:: WORK INSTRUCTION ::
Reproduce the data that follows in its entirety, character for character.

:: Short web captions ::
*** Block opens ***

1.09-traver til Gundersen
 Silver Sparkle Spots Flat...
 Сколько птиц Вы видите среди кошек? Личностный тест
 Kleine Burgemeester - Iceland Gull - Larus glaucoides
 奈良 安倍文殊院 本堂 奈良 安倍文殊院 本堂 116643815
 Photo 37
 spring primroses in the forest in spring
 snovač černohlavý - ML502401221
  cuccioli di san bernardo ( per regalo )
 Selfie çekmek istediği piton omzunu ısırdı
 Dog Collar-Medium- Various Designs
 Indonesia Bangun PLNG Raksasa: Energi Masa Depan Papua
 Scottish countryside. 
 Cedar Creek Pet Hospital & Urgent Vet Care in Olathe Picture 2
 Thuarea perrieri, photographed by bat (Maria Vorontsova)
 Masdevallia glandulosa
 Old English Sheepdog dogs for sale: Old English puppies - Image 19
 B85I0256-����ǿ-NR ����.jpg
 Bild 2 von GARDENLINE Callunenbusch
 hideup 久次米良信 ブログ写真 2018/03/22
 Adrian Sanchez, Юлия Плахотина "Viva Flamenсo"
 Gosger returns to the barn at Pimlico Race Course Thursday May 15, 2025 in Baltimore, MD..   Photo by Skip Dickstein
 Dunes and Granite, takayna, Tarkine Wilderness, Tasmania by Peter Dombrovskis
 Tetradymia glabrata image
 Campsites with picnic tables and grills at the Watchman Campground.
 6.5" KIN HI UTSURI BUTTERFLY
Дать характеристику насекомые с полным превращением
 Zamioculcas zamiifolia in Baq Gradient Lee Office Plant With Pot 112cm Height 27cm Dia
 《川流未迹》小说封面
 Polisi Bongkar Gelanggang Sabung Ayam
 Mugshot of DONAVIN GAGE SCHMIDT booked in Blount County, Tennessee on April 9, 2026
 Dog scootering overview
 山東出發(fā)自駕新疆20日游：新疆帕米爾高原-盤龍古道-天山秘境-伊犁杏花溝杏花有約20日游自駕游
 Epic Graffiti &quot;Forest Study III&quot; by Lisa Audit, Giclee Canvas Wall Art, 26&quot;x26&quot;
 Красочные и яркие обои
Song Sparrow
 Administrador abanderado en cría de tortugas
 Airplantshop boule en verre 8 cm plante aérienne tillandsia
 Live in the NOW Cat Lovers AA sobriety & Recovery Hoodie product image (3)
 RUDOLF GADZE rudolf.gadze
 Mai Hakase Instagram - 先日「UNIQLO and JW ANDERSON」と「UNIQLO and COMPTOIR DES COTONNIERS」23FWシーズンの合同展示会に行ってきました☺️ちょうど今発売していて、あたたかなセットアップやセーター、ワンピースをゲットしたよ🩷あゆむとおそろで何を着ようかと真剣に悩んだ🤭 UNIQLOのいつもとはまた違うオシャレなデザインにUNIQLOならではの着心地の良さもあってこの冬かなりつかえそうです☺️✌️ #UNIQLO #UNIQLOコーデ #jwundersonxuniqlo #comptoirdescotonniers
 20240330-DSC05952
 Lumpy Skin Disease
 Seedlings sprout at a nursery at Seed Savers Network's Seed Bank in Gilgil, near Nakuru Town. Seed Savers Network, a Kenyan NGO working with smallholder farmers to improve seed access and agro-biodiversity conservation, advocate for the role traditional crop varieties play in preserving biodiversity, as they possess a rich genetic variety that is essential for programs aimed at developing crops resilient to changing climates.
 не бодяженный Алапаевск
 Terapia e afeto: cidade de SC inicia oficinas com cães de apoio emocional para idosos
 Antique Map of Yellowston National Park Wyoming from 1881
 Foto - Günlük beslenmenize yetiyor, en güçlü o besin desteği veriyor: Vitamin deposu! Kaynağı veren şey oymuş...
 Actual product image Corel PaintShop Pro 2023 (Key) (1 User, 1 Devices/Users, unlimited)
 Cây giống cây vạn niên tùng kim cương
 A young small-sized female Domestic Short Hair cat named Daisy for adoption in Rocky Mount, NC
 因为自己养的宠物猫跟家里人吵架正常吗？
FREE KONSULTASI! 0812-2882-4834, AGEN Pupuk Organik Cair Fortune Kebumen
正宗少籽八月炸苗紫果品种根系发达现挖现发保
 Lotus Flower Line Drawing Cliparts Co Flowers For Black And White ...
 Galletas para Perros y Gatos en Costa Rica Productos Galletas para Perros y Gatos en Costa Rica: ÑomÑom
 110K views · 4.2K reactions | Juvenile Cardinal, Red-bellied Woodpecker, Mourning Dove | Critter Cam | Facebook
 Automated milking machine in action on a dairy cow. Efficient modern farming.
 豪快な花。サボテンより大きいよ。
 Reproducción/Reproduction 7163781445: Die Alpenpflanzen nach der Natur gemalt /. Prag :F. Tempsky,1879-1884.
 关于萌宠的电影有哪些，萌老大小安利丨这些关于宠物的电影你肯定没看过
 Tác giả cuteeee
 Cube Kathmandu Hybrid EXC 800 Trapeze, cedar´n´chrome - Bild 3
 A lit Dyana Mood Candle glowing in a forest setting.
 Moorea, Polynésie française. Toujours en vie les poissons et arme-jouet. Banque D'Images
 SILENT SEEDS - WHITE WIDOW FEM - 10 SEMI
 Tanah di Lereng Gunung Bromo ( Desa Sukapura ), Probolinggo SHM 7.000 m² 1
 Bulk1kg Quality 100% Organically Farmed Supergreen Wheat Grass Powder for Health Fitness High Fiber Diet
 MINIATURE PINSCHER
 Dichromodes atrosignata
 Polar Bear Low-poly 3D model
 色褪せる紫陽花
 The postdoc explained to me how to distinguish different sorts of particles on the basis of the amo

*** Block closes ***

:: FINISHED TASK ::
1.09-traver til Gundersen
 Silver Sparkle Spots Flat...
 Сколько птиц Вы видите среди кошек? Личностный тест
 Kleine Burgemeester - Iceland Gull - Larus glaucoides
 奈良 安倍文殊院 本堂 奈良 安倍文殊院 本堂 116643815
 Photo 37
 spring primroses in the forest in spring
 snovač černohlavý - ML502401221
  cuccioli di san bernardo ( per regalo )
 Selfie çekmek istediği piton omzunu ısırdı
 Dog Collar-Medium- Various Designs
 Indonesia Bangun PLNG Raksasa: Energi Masa Depan Papua
 Scottish countryside. 
 Cedar Creek Pet Hospital & Urgent Vet Care in Olathe Picture 2
 Thuarea perrieri, photographed by bat (Maria Vorontsova)
 Masdevallia glandulosa
 Old English Sheepdog dogs for sale: Old English puppies - Image 19
 B85I0256-����ǿ-NR ����.jpg
 Bild 2 von GARDENLINE Callunenbusch
 hideup 久次米良信 ブログ写真 2018/03/22
 Adrian Sanchez, Юлия Плахотина "Viva Flamenсo"
 Gosger returns to the barn at Pimlico Race Course Thursday May 15, 2025 in Baltimore, MD..   Photo by Skip Dickstein
 Dunes and Granite, takayna, Tarkine Wilderness, Tasmania by Peter Dombrovskis
 Tetradymia glabrata image
 Campsites with picnic tables and grills at the Watchman Campground.
 6.5" KIN HI UTSURI BUTTERFLY
Дать характеристику насекомые с полным превращением
 Zamioculcas zamiifolia in Baq Gradient Lee Office Plant With Pot 112cm Height 27cm Dia
 《川流未迹》小说封面
 Polisi Bongkar Gelanggang Sabung Ayam
 Mugshot of DONAVIN GAGE SCHMIDT booked in Blount County, Tennessee on April 9, 2026
 Dog scootering overview
 山東出發(fā)自駕新疆20日游：新疆帕米爾高原-盤龍古道-天山秘境-伊犁杏花溝杏花有約20日游自駕游
 Epic Graffiti &quot;Forest Study III&quot; by Lisa Audit, Giclee Canvas Wall Art, 26&quot;x26&quot;
 Красочные и яркие обои
Song Sparrow
 Administrador abanderado en cría de tortugas
 Airplantshop boule en verre 8 cm plante aérienne tillandsia
 Live in the NOW Cat Lovers AA sobriety & Recovery Hoodie product image (3)
 RUDOLF GADZE rudolf.gadze
 Mai Hakase Instagram - 先日「UNIQLO and JW ANDERSON」と「UNIQLO and COMPTOIR DES COTONNIERS」23FWシーズンの合同展示会に行ってきました☺️ちょうど今発売していて、あたたかなセットアップやセーター、ワンピースをゲットしたよ🩷あゆむとおそろで何を着ようかと真剣に悩んだ🤭 UNIQLOのいつもとはまた違うオシャレなデザインにUNIQLOならではの着心地の良さもあってこの冬かなりつかえそうです☺️✌️ #UNIQLO #UNIQLOコーデ #jwundersonxuniqlo #comptoirdescotonniers
 20240330-DSC05952
 Lumpy Skin Disease
 Seedlings sprout at a nursery at Seed Savers Network's Seed Bank in Gilgil, near Nakuru Town. Seed Savers Network, a Kenyan NGO working with smallholder farmers to improve seed access and agro-biodiversity conservation, advocate for the role traditional crop varieties play in preserving biodiversity, as they possess a rich genetic variety that is essential for programs aimed at developing crops resilient to changing climates.
 не бодяженный Алапаевск
 Terapia e afeto: cidade de SC inicia oficinas com cães de apoio emocional para idosos
 Antique Map of Yellowston National Park Wyoming from 1881
 Foto - Günlük beslenmenize yetiyor, en güçlü o besin desteği veriyor: Vitamin deposu! Kaynağı veren şey oymuş...
 Actual product image Corel PaintShop Pro 2023 (Key) (1 User, 1 Devices/Users, unlimited)
 Cây giống cây vạn niên tùng kim cương
 A young small-sized female Domestic Short Hair cat named Daisy for adoption in Rocky Mount, NC
 因为自己养的宠物猫跟家里人吵架正常吗？
FREE KONSULTASI! 0812-2882-4834, AGEN Pupuk Organik Cair Fortune Kebumen
正宗少籽八月炸苗紫果品种根系发达现挖现发保
 Lotus Flower Line Drawing Cliparts Co Flowers For Black And White ...
 Galletas para Perros y Gatos en Costa Rica Productos Galletas para Perros y Gatos en Costa Rica: ÑomÑom
 110K views · 4.2K reactions | Juvenile Cardinal, Red-bellied Woodpecker, Mourning Dove | Critter Cam | Facebook
 Automated milking machine in action on a dairy cow. Efficient modern farming.
 豪快な花。サボテンより大きいよ。
 Reproducción/Reproduction 7163781445: Die Alpenpflanzen nach der Natur gemalt /. Prag :F. Tempsky,1879-1884.
 关于萌宠的电影有哪些，萌老大小安利丨这些关于宠物的电影你肯定没看过
 Tác giả cuteeee
 Cube Kathmandu Hybrid EXC 800 Trapeze, cedar´n´chrome - Bild 3
 A lit Dyana Mood Candle glowing in a forest setting.
 Moorea, Polynésie française. Toujours en vie les poissons et arme-jouet. Banque D'Images
 SILENT SEEDS - WHITE WIDOW FEM - 10 SEMI
 Tanah di Lereng Gunung Bromo ( Desa Sukapura ), Probolinggo SHM 7.000 m² 1
 Bulk1kg Quality 100% Organically Farmed Supergreen Wheat Grass Powder for Health Fitness High Fiber Diet
 MINIATURE PINSCHER
 Dichromodes atrosignata
 Polar Bear Low-poly 3D model
 色褪せる紫陽花
 The postdoc explained to me how to distinguish different sorts of particles on the basis of the amo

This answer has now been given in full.